Look for like-minded, slightly more experienced creatives or people who are very familiar with your type of creative project.
Schedule Feedback
Schedule yourself limited time periods when you will receive feedback, when you’ll think about feedback, and for implementing changes based on the feedback. This will help you avoid overwhelm and stay focused on completing your project.
Make Separate Versions
If possible, create two or three separate versions of your project. Have one that is the original version, one that contains the all the feedback, and one that you incorporate the changes into. The separation of versions helps create distance and allows you the opportunity to compare and perhaps restore changes to the original.
Celebrate the Positives
Celebrating even the smallest positives gives you a boost of dopamine (the feel-good hormone.) That sets up a positive feedback loop that helps you keep working
Decide on the Merit
Sometimes feedback lacks merit because of the source, but sometimes it lacks merit for other reasons. Your feedback partner may have been distracted, or ill, or simply had a bad day. You must not only vet your feedback partners, but get to know them well enough you can discern their usual style.

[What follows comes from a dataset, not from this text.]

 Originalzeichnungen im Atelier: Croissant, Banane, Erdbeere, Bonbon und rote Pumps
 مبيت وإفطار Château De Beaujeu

Take every comment seriously. Ask yourself why that person said that. Try to see the underlying problem. Then decide if you need to make changes.

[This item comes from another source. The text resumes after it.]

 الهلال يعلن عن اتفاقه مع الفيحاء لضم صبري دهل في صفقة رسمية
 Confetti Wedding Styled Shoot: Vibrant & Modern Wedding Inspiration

Ultimately, you are the final arbitrator of whether a piece of feedback merits changing your work.
Trust Your Instincts
Conflicting feedback is normal. Some people will love what you’ve done, some will hate it, and some will be anywhere in between. Sometimes your feedback partner can’t quite identify what’s wrong, but they’ll take a stab at it anyway. It’s hard to know what to do in these cases. When in doubt, trust your instincts.
Your instinctive reaction to feedback is important. For example, if the feedback makes your heart race in excitement—your instincts are telling you it will help you achieve what you want to achieve. If, on the other hand, the feedback makes you think ‘what the heck?’ That reaction might tell you this idea is all wrong for your vision.
While you need to trust your instincts, you also need to remember to give it time. Don’t follow your instincts blindly because it might be an emotional reflex. Notice your instinctive reactions always. With practice, you’ll be able to recognize your true creative instincts almost immediately.
Look for Opportunities to Grow
When deciding which piece of feedback you will incorporate in your work, look for the ones that give you the opportunity to grow. Helpful feedback can give you the opportunity to learn a new skill, discover a new way to achieve an effect, or strengthen what you already do. Use those opportunities.
Appreciate the Feedback.
Appreciate the opportunities the feedback gives you, but also appreciate the time and effort of the person who provided the feedback. Your gratitude helps you and your feedback partner.
It’s a Balancing Act
Finding the balance between too much and too little feedback is trickier than finding bowls of porridge that are too hot, too cold, and just right. As a result, there may be times when you find yourself with too much and times when you find you have too little feedback. Plan how to handle each of those and, like Goldilocks, create the “just right” solution for you.
Images from DepositPhotos
Thanks for this, Lynette. I have a sign above my desk: Q-TIP (Quit taking it personal) to remind me to keep a distance between myself and feedback. SO HARD!
It is hard. Not taking it personally is a challenge. Your note to yourself is a fantastic idea. Good for you!